* EXERCISE PROMPT: Transcribe the lines below exactly, beginning with the line that holds "Xiaomi Mijia Ag+" and ending with the final line, both included. Pictures are to be left out.

* DATASET CONTENT:
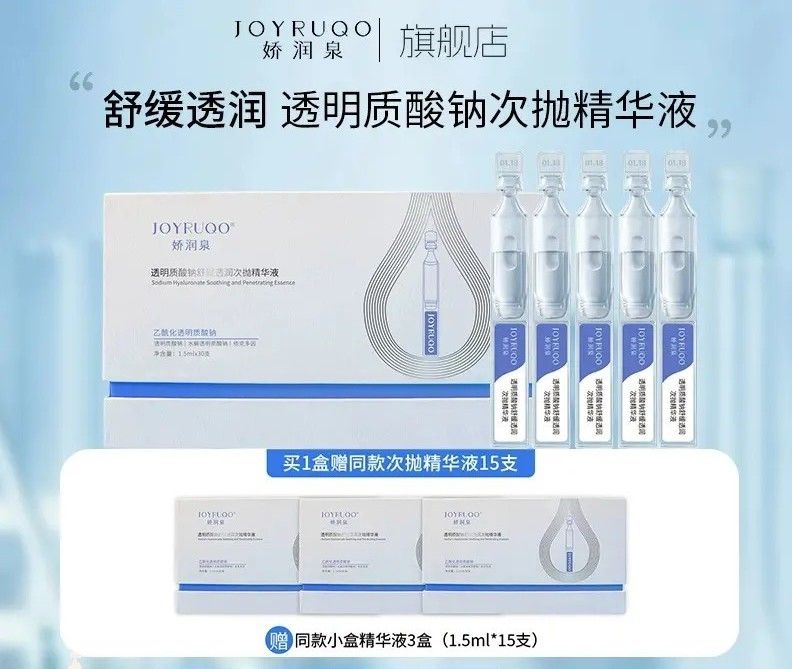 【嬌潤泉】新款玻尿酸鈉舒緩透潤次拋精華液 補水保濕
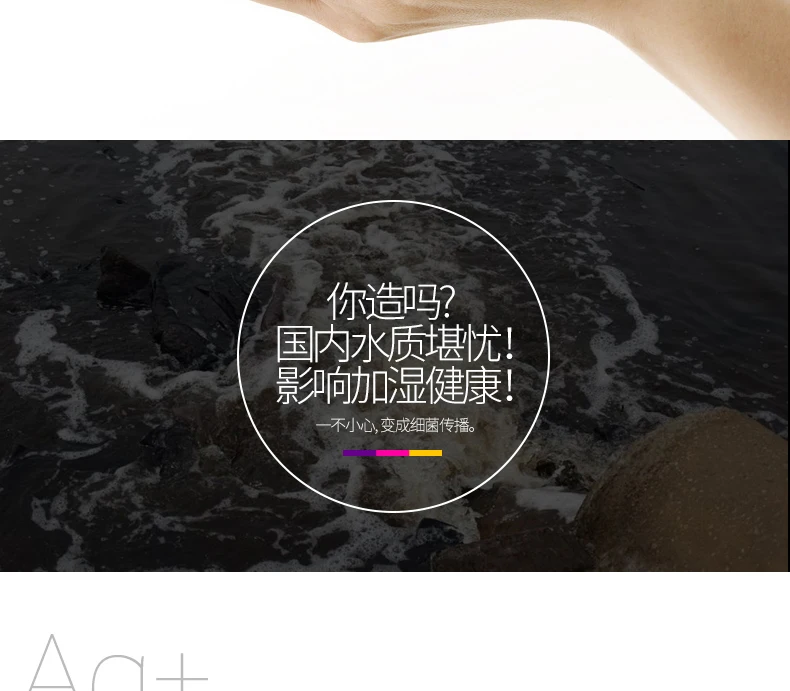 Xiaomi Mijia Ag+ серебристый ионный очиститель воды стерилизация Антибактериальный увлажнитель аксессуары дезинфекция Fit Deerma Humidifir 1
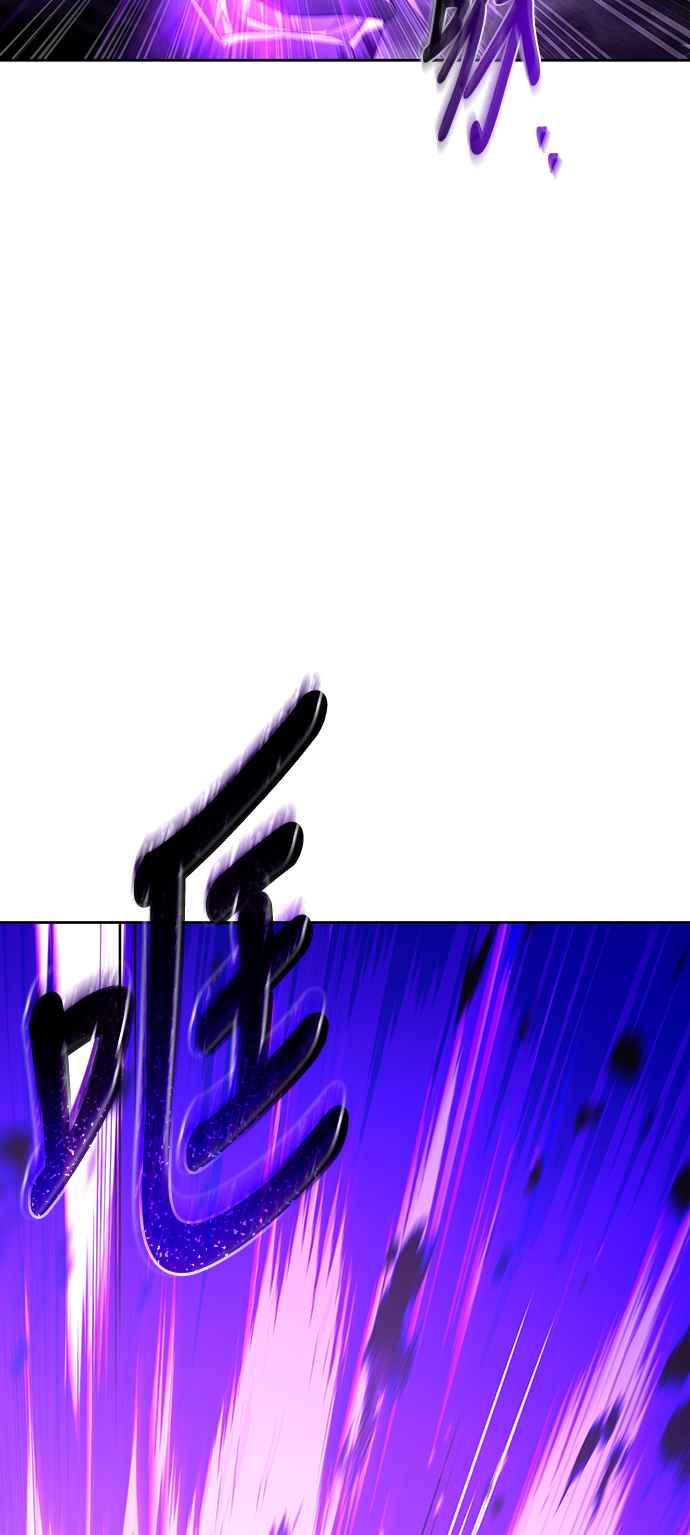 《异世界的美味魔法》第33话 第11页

* WRITTEN SOLUTION:
 Xiaomi Mijia Ag+ серебристый ионный очиститель воды стерилизация Антибактериальный увлажнитель аксессуары дезинфекция Fit Deerma Humidifir 1
 《异世界的美味魔法》第33话 第11页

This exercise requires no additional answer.